Der Erbe hat der Finanzbehörde im Rahmen der Anzeige die Tatsachen mitzuteilen, die die Finanzbehörde ohne Schwierigkeiten und umfangreiche eigene Ermittlungen in die Lage versetzen, die zutreffende Steuer festzusetzen. Kann der Anzeigenerstatter, etwa weil die ausländische Bank die Unterlagen nicht aufbewahrt hat oder sie nicht mehr reproduzieren kann, keine exakten Angaben über die Besteuerungsgrundlagen machen, muss er der Finanzbehörde Tatsachen mitteilen, die eine Schätzung ermöglichen, oder selbst einen Schätzungsvorschlag unterbreiten. Die bloße Aufforderung der Finanzbehörde zur Schätzung genügt nicht. Die hinterzogenen Beträge können hingegen (bei ansonsten ordnungsgemäßer Berichtigungsanzeige) gem. § 162 AO geschätzt werden.
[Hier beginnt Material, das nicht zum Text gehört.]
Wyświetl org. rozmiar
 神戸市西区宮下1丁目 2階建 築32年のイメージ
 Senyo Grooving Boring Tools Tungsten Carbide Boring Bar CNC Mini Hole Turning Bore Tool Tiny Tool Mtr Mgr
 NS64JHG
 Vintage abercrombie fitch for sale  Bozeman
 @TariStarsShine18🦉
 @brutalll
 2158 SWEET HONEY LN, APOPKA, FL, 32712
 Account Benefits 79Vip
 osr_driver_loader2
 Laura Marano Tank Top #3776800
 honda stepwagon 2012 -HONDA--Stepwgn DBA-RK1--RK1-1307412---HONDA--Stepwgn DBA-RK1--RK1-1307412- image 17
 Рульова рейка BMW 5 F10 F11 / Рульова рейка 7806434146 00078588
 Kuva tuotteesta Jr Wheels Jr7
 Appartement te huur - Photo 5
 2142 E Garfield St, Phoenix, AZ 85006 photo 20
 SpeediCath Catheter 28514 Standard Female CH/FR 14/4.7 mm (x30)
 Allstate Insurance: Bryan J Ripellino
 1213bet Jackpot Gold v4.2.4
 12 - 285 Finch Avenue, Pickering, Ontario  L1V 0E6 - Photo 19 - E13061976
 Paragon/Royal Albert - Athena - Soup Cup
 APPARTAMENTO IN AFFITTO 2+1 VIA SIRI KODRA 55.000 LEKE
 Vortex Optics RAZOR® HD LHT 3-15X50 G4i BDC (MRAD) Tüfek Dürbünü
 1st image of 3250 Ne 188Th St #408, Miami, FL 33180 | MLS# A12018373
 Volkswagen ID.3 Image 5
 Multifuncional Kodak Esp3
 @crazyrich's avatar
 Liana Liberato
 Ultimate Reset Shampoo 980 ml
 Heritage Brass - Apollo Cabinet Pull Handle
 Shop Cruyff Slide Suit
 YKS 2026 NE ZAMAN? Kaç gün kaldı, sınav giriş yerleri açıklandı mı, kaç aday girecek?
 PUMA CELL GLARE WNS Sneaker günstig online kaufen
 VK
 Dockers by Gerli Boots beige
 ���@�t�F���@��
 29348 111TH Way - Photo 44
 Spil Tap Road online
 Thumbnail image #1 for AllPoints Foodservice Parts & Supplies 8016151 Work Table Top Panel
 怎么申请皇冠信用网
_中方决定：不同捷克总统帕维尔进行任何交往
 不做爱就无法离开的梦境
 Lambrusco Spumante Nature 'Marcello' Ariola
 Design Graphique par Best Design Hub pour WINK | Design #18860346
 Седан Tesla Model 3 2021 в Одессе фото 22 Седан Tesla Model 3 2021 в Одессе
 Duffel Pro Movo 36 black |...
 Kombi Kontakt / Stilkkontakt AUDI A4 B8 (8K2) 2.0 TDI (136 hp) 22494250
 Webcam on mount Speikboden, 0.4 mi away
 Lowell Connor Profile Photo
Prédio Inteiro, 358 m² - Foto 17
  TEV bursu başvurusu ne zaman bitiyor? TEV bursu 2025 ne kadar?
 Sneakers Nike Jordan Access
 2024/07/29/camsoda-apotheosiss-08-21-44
(2) Nachträgliches Erkennen der Unrichtigkeit oder Unvollständigkeit
Die Berichtigungspflicht setzt eine positive Kenntnis von der Unrichtigkeit bzw. Unvollständigkeit der Steuererklärung und der bereits eingetretenen oder drohenden Steuerverkürzung voraus. Bloßes Kennenmüssen oder Erkennenkönnen genügt nicht. Eine Nachforschungspflicht nach Unrichtigkeiten existiert nicht. Selbst fahrlässiges oder leichtfertiges Nichterkennen der Unrichtigkeit oder Unvollständigkeit löst keine Berichtigungspflicht aus.
Die Kenntnis von der Existenz eines Nummernkontos in der Schweiz führt noch nicht zur Kenntnis einer Steuerverkürzung, solange der Erbe nicht positiv weiß, dass die daraus resultierenden Zinseinkünfte nicht deklariert sind bzw. das Guthaben aus unversteuerten Einnahmen stammt.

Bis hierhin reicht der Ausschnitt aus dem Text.